*** Data section

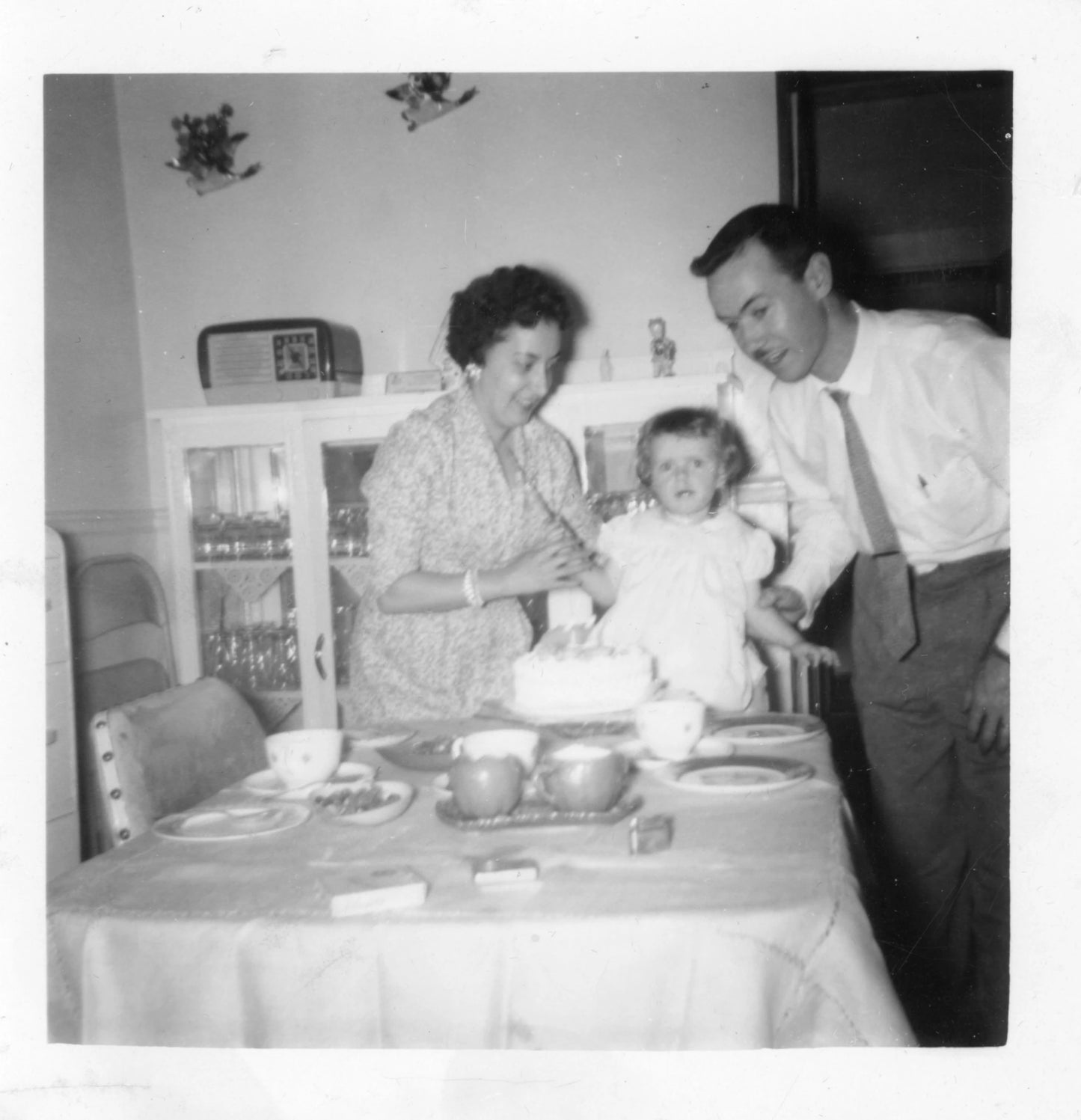 Parrain et marraine autour de l'enfant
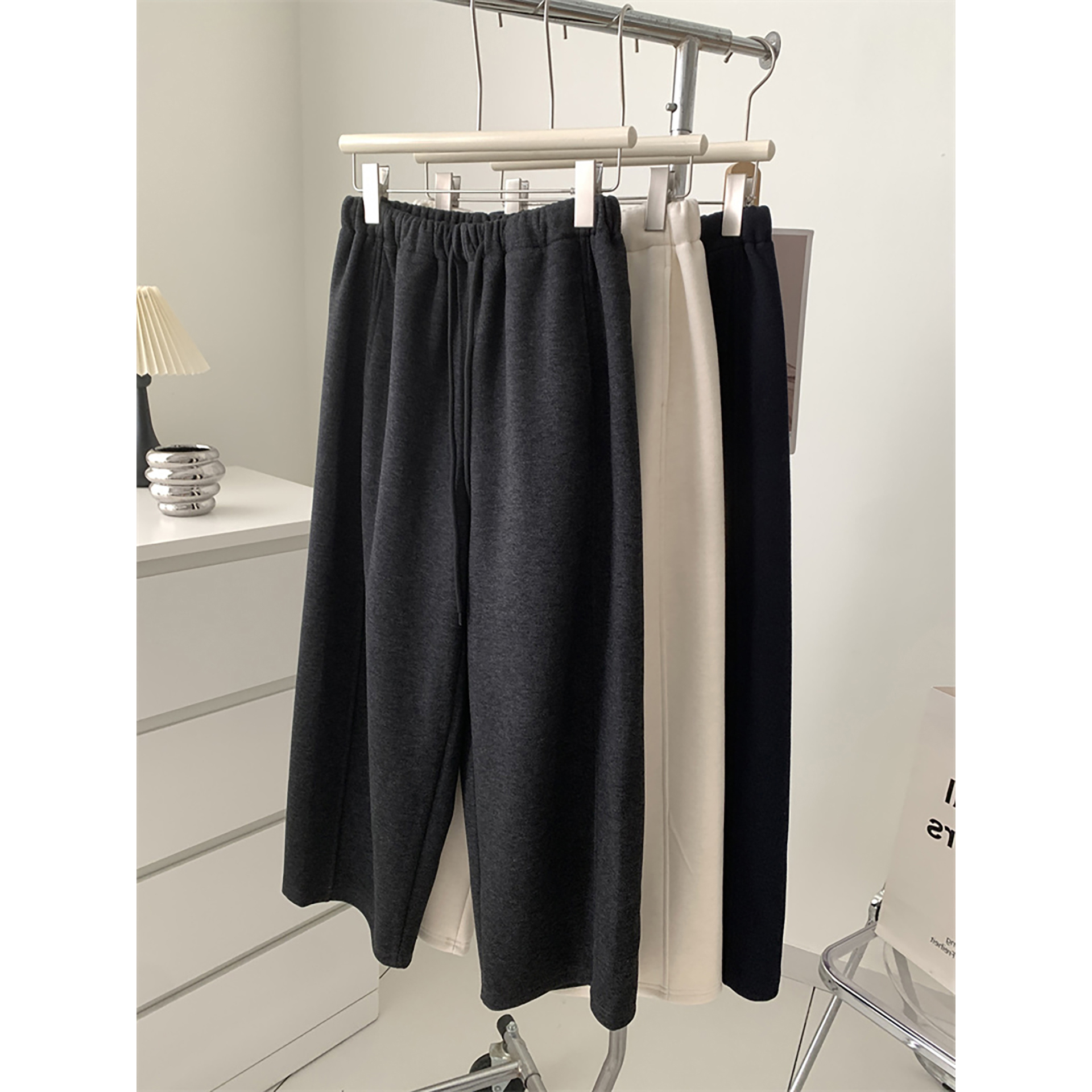 胖妹妹240斤大码宽松休闲加厚直筒裤女秋冬季保暖九分阔腿奶奶裤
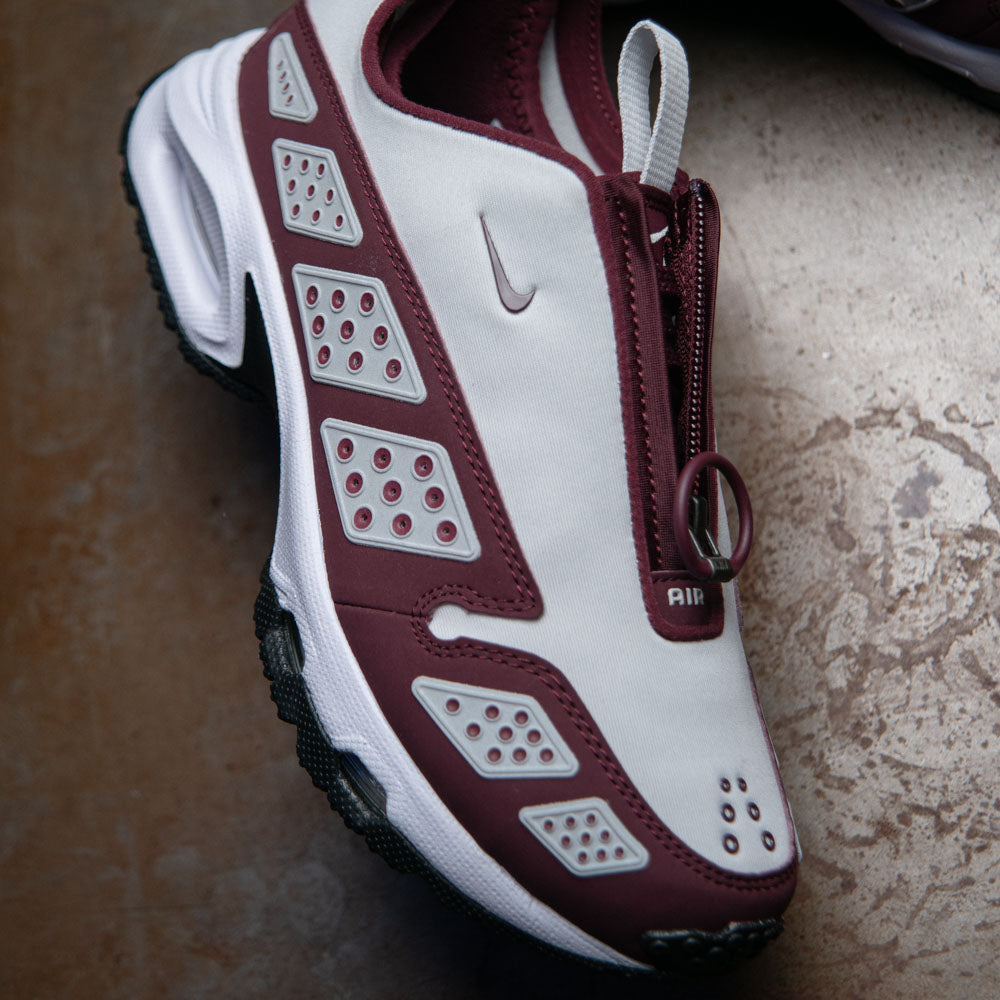 W NIKE AIR MAX SNDR / PHOTON DUST-NIGHT MAROON-BLACK-WHITE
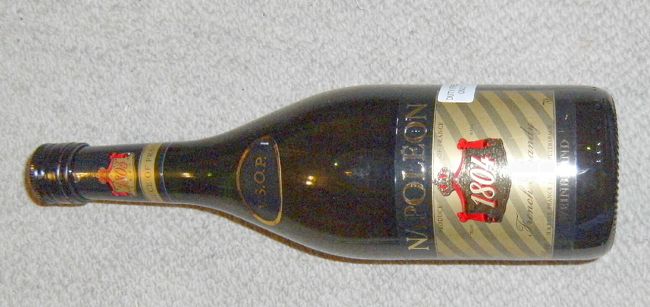 ユ−ロのコインを使い切りたくて買ったブランディ。ロシア産かと思ったが、フランス産になっていました。一本500円程を２本。飲むのが怖い！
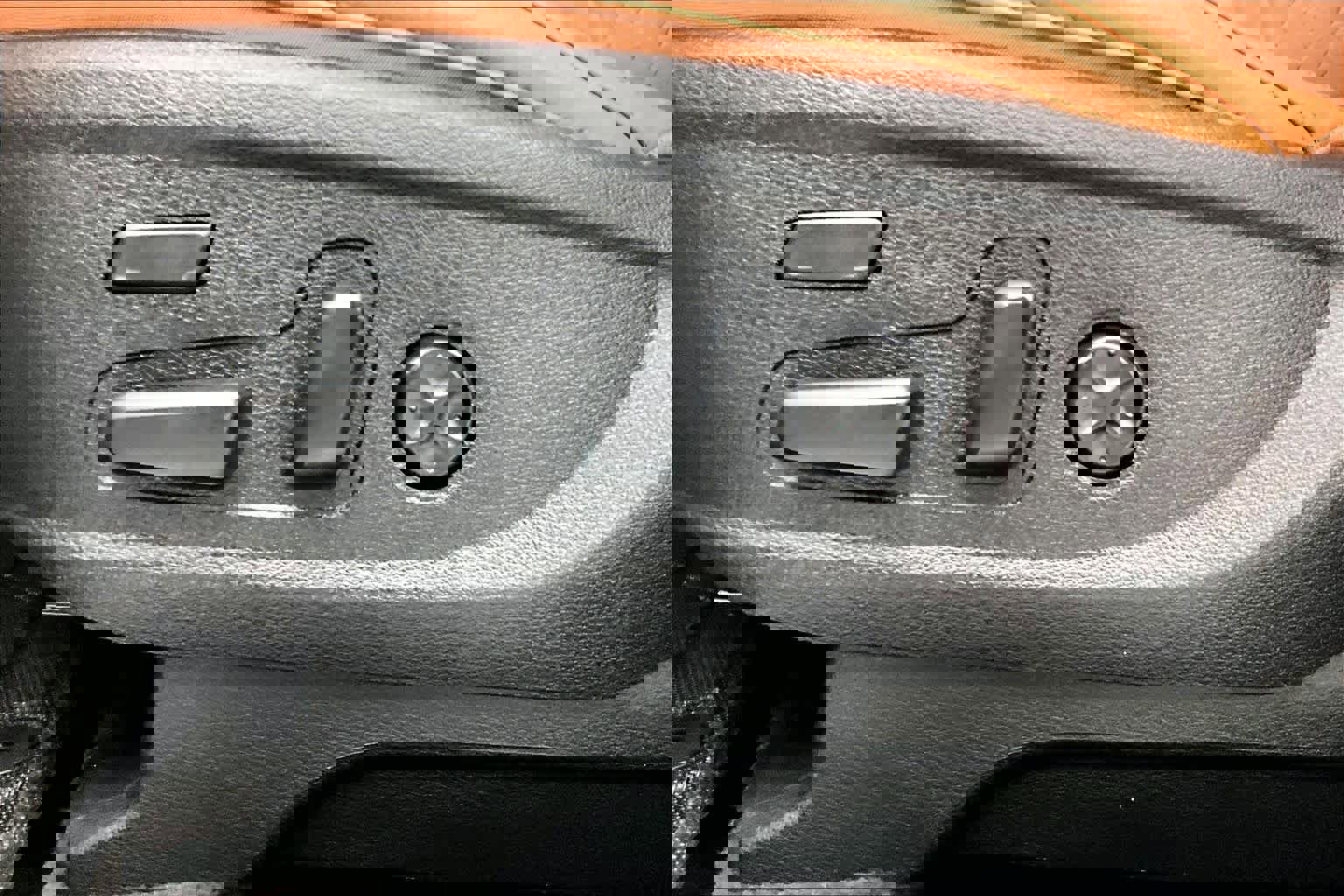 Used 2024 Kia Telluride SX X-Line image 33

******

Prompt:
Would you reproduce the records exactly as they stand, but without the pictures?

Expected answer:
 Parrain et marraine autour de l'enfant
 胖妹妹240斤大码宽松休闲加厚直筒裤女秋冬季保暖九分阔腿奶奶裤
 W NIKE AIR MAX SNDR / PHOTON DUST-NIGHT MAROON-BLACK-WHITE
 ユ−ロのコインを使い切りたくて買ったブランディ。ロシア産かと思ったが、フランス産になっていました。一本500円程を２本。飲むのが怖い！
 Used 2024 Kia Telluride SX X-Line image 33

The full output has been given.